So we see the that this chain has two rules. The first rule marks all packages that are originating from the pod running on this node, this mark is later evaluated in the forwarding rules to make sure that the packet is accepted for forwarding. The second rule is where the magic happens – it performs a DNAT, i.e. a destination NAT, and sends our packets to one of the pods. The rule KUBE-SEP-YRELRNVKKL7AIZL7 is similar, with the only difference that it sends the packets to the other pod. So we see that two things are happening

  • Traffic directed towards port 8080 of the cluster IP address is diverted to one of the pods
  • Which one of the pods is selected is determined randomly, with a probability of 50% for both pods. Thus these rules implement a simple load balancer.

Let us now see how things change when we use a service of type NodePort. So let us use a slightly different YAML file.

$ kubectl delete -f https://raw.githubusercontent.com/christianb93/Kubernetes/master/network/service.yaml
$ kubectl apply -f https://raw.githubusercontent.com/christianb93/Kubernetes/master/network/nodePortService.yaml

When we now run kubectl get svc, we see that our service appears as a NodePort service, and, as the second entry in the columns PORTS, we find the port that Kubernetes opens for us.

$ kubectl get services
NAME             TYPE        CLUSTER-IP     EXTERNAL-IP   PORT(S)          AGE
alpine-service   NodePort           8080:32755/TCP   13s
kubernetes       ClusterIP             443/TCP          7h

In my case, the port 32755 has been used. If we now go back to one of the nodes and search the iptables rules for this port, we find that Kubernetes has created two additional NAT rules.

$ sudo iptables -S  -t nat | grep 32755
-A KUBE-NODEPORTS -p tcp -m comment --comment "default/alpine-service:" -m tcp --dport 32755 -j KUBE-MARK-MASQ
-A KUBE-NODEPORTS -p tcp -m comment --comment "default/alpine-service:" -m tcp --dport 32755 -j KUBE-SVC-SXWLG3AINIW24QJC

So we find that for all traffic directed to this port, again a marker is set and the rule KUBE-SVC-SXWLG3AINIW24QJC applies. If you inspect this rule, you will find that it is similar to the rules above and again realizes a load balancer that sends traffic to port 80 of one of the pods.

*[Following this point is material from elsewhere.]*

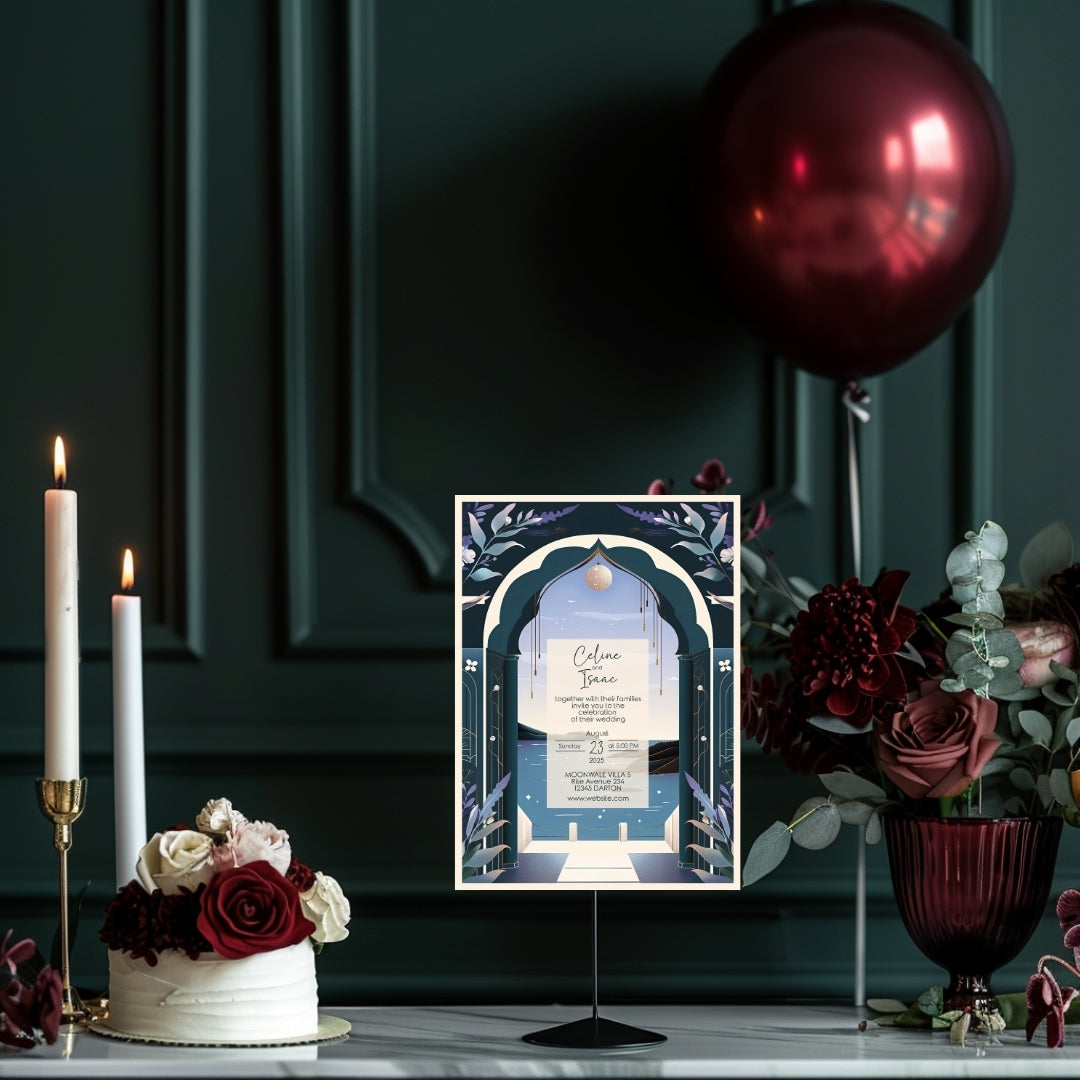 Celestial Santorini Arch Wedding Invitation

Let us now verify that we can really reach this pod from the outside world. Of course, this only works once we have allowed incoming traffic on at least one of the nodes in the respective AWS security group. The following commands determine the node Port, your IP address, the security group and the IP address of the node, allow access and submit the curl command (note that I use the cluster name myCluster to select the worker nodes, in case you are not using my scripts to run this example, you will have to change the filter to make this work).

$ nodePort=$(kubectl get svc alpine-service --output json | jq ".spec.ports[0].nodePort")
$ IP=$(aws ec2 describe-instances --filters Name=tag-key,Values=kubernetes.io/cluster/myCluster Name=instance-state-name,Values=running --output text --query Reservations[0].Instances[0].PublicIpAddress)
$ SEC_GROUP_ID=$(aws ec2 describe-instances --filters Name=tag-key,Values=kubernetes.io/cluster/myCluster Name=instance-state-name,Values=running --output text --query Reservations[0].Instances[0].SecurityGroups[0].GroupId)
$ myIP=$(wget -q -O- https://ipecho.net/plain)
$ aws ec2 authorize-security-group-ingress --group-id $SEC_GROUP_ID --port $nodePort --protocol tcp --cidr "$myIP/32"
$ curl $IP:$nodePort
<h1>It works!</h1>


After all these nitty-gritty details, let us summarize what we have found. When you start a pod on a node, a pair of virtual ethernet devices is created, with one end being assigned to the namespace of the container and one end being assigned to the namespace of the host. Then IP routes are added so that traffic directed towards the pod is forwarded to this bridge. This allows access to the container from the node on which they are running. To realize access from other nodes and pods and thus the flat Kubernetes networking model, EKS uses the AWS CNI plugin which attaches the pods IP addresses as secondary IP addresses to elastic network interfaces.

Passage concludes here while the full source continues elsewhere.